We got more than 220 million shots in arms in my first 100 days. And we didn’t stop there.
In recent months, we’ve started implementing vaccination requirements, which have helped bring the number of unvaccinated adults down in this country from around 100 million several months ago to 60 million now.
You know, that’s good for our health, but it’s also good for our economy.
Now vaccine — vaccinated workers are going back to work. Vaccinated shoppers are going back to stores.
And with the launch of the vaccine for kids ages 5 through 11 this week, we can make sure more vaccinated children can stay in school.

The constant refrain from Republicans and much of the political media that Biden has been focused on the wrong things simply does not hold up to scrutiny. One can question whether presidents get too much credit for economic numbers, but if you’re going to hold Biden responsible for the outcome, he has every reason to boast about the 5.6 million jobs created since the start of his term, an unemployment rate down to 4.6 percent, an average gain of 600,000 jobs per month and a rise in hourly wages of nearly 5 percent this year.

Moreover, in the agonizing struggle to pass two giant pieces of legislation, Biden could finally declare victory. The House on Friday voted to adopt the $1.2 trillion infrastructure plan. The final Build Back Better vote will take place by the week of Nov. 15.

Consider the narrative incessantly pushed by virtually every media outlet until Friday: Biden has not delivered on the economy. His agenda is too far left, threatening to expand the debt and fuel inflation. He has lost the confidence of the public on covid. Biden cannot corral the left (and/or the centrists).

None of that was borne out by subsequent events (or polling on his agenda). By week’s end, the economy looked on much firmer footing — and, unlike his predecessor, the president had achieved a historic infrastructure investment.

Inflation and deficit fears also subsided.
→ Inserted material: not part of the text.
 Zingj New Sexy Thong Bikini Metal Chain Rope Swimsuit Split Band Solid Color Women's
The Joint Committee on Taxation declared the Build Back Better agenda would raise about $1.47 trillion over 10 years and in all likelihood would not add to the deficit. A pack of Nobel Prize-winning economists confirmed that the agenda would reduce long-term inflationary pressure. As one told The Post, “This is sound and uncontroversial economics — increasing supply and capacity reduces the bottlenecks that fuel inflationary surges.” Separately, Moody’s Analytics reported that Biden’s legislation “will strengthen long-term economic growth, the benefits of which would mostly accrue to lower- and middle-income Americans,” and it dismissed inflation concerns as “overdone.”
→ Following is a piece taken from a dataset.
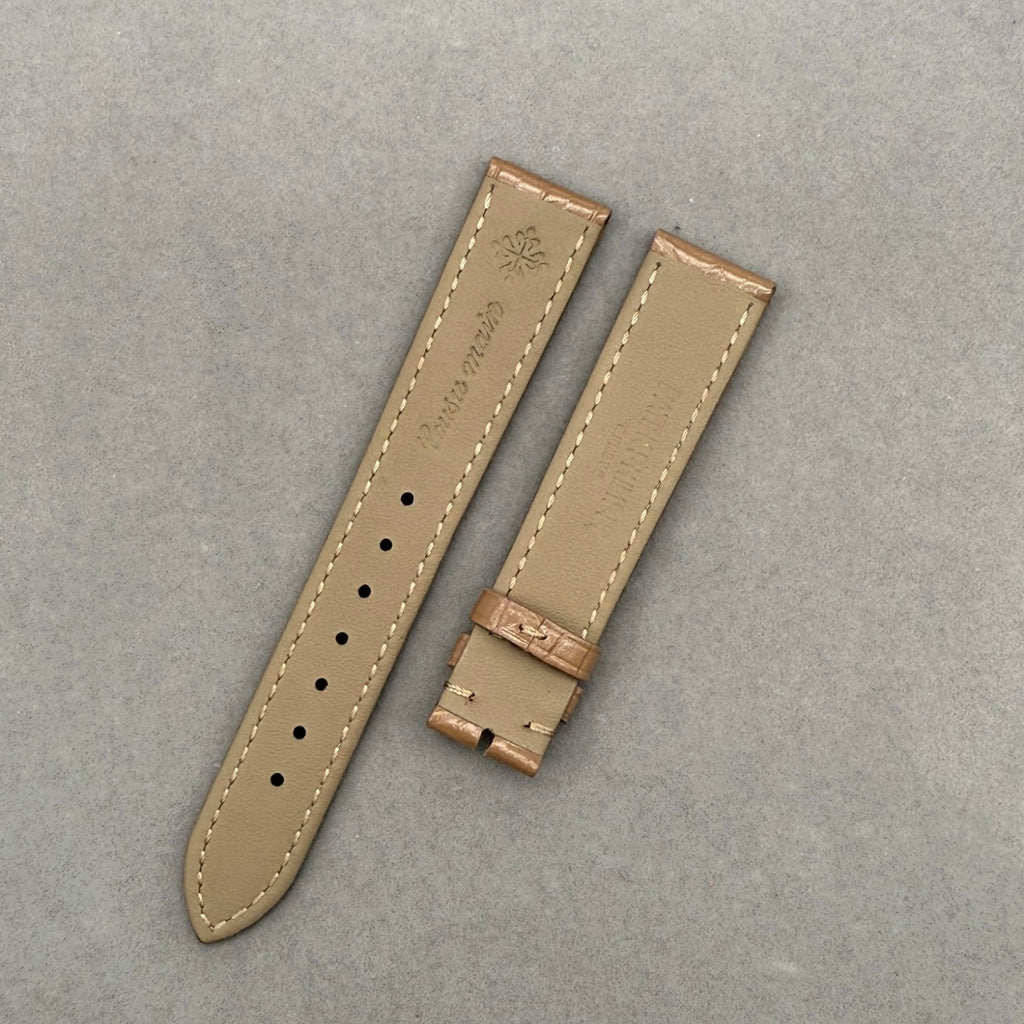 Milk Tea Color Crocodile Leather Watch Strap Compatible with Patek Philippe 1614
If the Virginia governor’s race had taken place after Friday, the good news might or might not have made a difference in the outcome. But the jobs numbers and legislative wins surely would have provided Democrats with a sense of momentum and blunted the gloomy coverage that no doubt depressed Democratic voter turnout.

One can argue that Democrats should have passed their bills weeks ago, allowing Virginia Democrats to bask in the glow of legislative success. However,
one might also take away a different lesson, namely that the hyperbolic media coverage does a disservice to the public, increasing anxiety, playing down real progress and exaggerating the degree of political peril the administration faces. The media’s consistently premature declarations of failure (as with the Afghanistan airlift) never seem to prompt self-examination.

Greatly improved jobs figures and declining coronavirus numbers coupled with passage of the American Rescue Plan, historic infrastructure legislation and Build Back Better should soon allow Biden to claim one of the most successful first years of any modern president.

The “Biden failure” narrative, in retrospect, appears alarmist and downright wrong. If only the political media would exercise a modicum of self-restraint and allow events to play out, it might not continually wind up defending foolish predictions. Then again, measured headlines and restrained cable TV analysis do not necessarily draw big audiences.